Son söz olarak yukarıda isimleri verilen dersler ile bilgi-beceri ve kişisel gelişime katkısı olmayan derslerin müfredattan çıkartılmasıyla fakültelerde eğitim süresini doğrudan üç yıla indirgemek mümkündür.
Üniversitelerde okutulan dersler, öğrencinin tercihte bulunduğu fen, sosyal, mühendislik veya sağlık alanlarının alt biriminde (laborant, kimyager, biyolog, inşaat mühendisi, hekim …) odaklanmalı ve onları o birimde hayata hazırlamalıdır. Bu birimlerde bilgi, beceri ve yetkinlik kazandırmalıdır. Ayrıca üniversite eğitimi kişileri sosyal hayada da hazırlamalıdır. Kendi alanlarının dışında; asgari sağlık, ekonomi, bilişim teknolojileri ve sosyal iletişim gibi alanlarda da eğitim almaları gereklidir. Ayrıca üniversite eğitimi sırasında kişi kendi eğitim alanından farklı ve ilgi duyduğu bir alanda kendini yetiştirmeye imkân verecek dersleri veya kursları alabilmelidir.

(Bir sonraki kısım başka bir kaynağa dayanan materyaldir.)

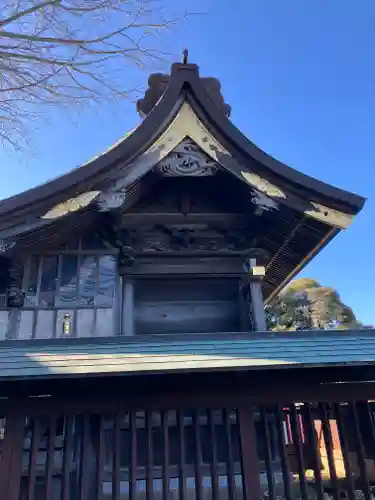 麻賀多神社(千葉県)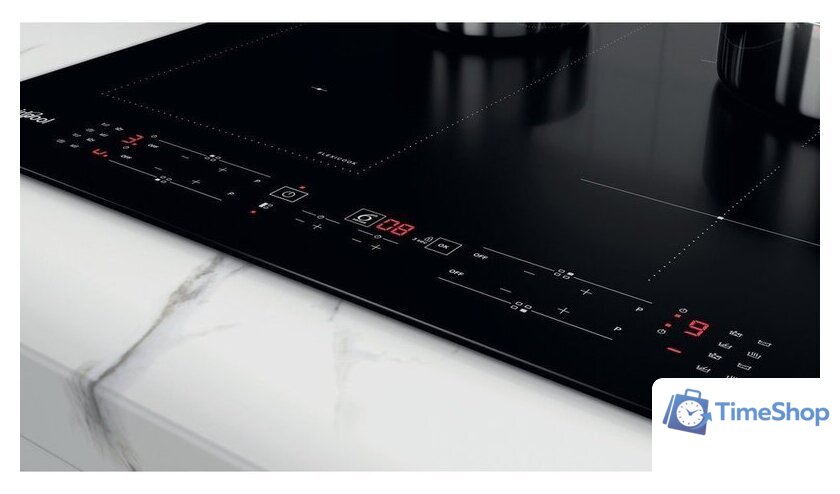 Варочная панель Whirlpool WL B3360 NE - Изображение №2 — Интернет-магазин Time-Shop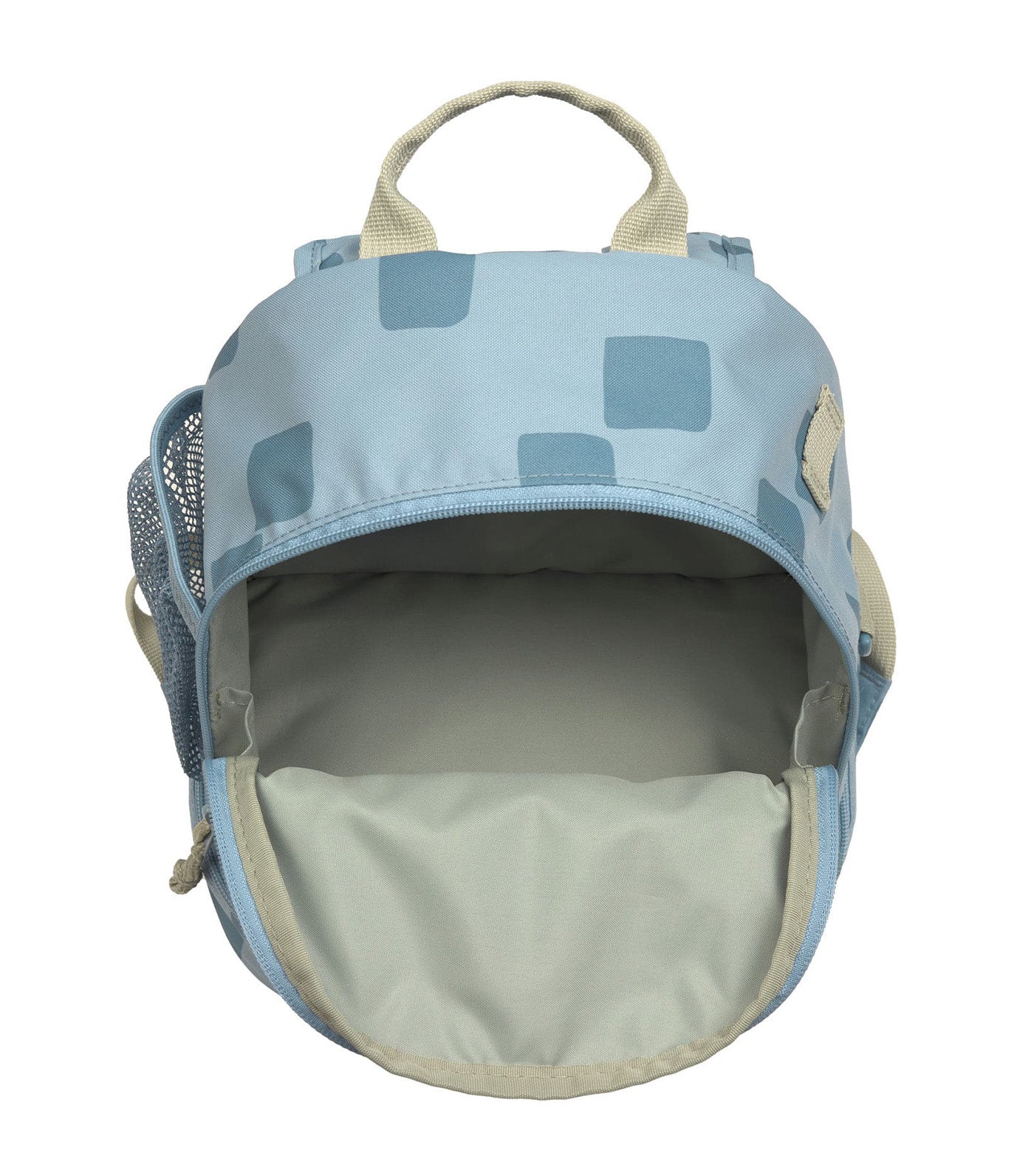 Mini Backpack Pattern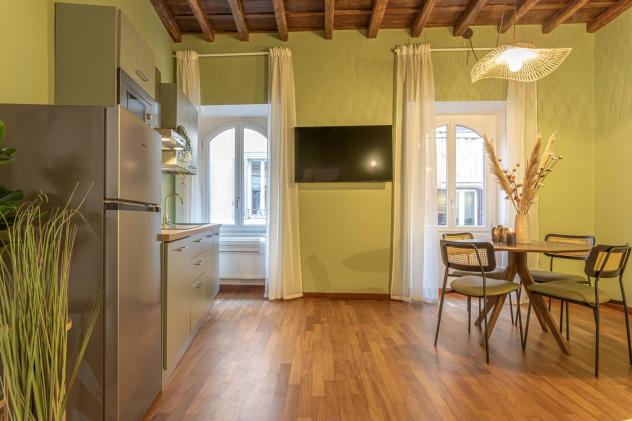 Giada - Charming Apartment at the Imperial Forums - Foto 8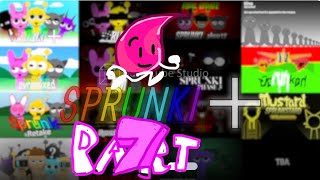 DROP-hr plays sprunki+PLUS part7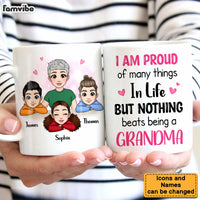 Personalized Gift for Grandma Mug 23325 thumb 1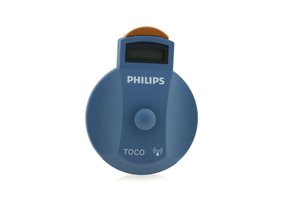 WIRELESS TOCO TRANSDUCER by Philips Healthcare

Üniversitelerde verilecek dersler ilk ve ota öğretim derslerinin tekrarı olmamalıdır. Üniversite seçmeli dersleri akademik nitelikte olmalıdır. Mesela, bilim tarihi, güncel bilişim teknolojileri, güncel ekonomik sistemler, yine güncel sağlık, beslenme ve çevre gibi konuları ele alan dersler olabilir. Bu dersler dört grupta sınıflandırılarak her lisans öğrencisinin bu gruplardan birer ders veya özel ilgi alanı olan gruptan dört ders alması şeklinde düzenlenebilir.
Tüm bu düzenlemeler yapılırken ana okulundan başlayarak ilköğretim, ortaöğretim ve yüksek öğretim hatta doktora dahil lisans üstü eğitim birlikte ele alınmalıdır. Eğitim-öğretim planlanmasında bu dönemlerin biri diğerinden bağımsız ele alınmamalıdır. Yani bu planlamada MEB ve YÖK iş birliği içinde ve koordineli olmalıdır.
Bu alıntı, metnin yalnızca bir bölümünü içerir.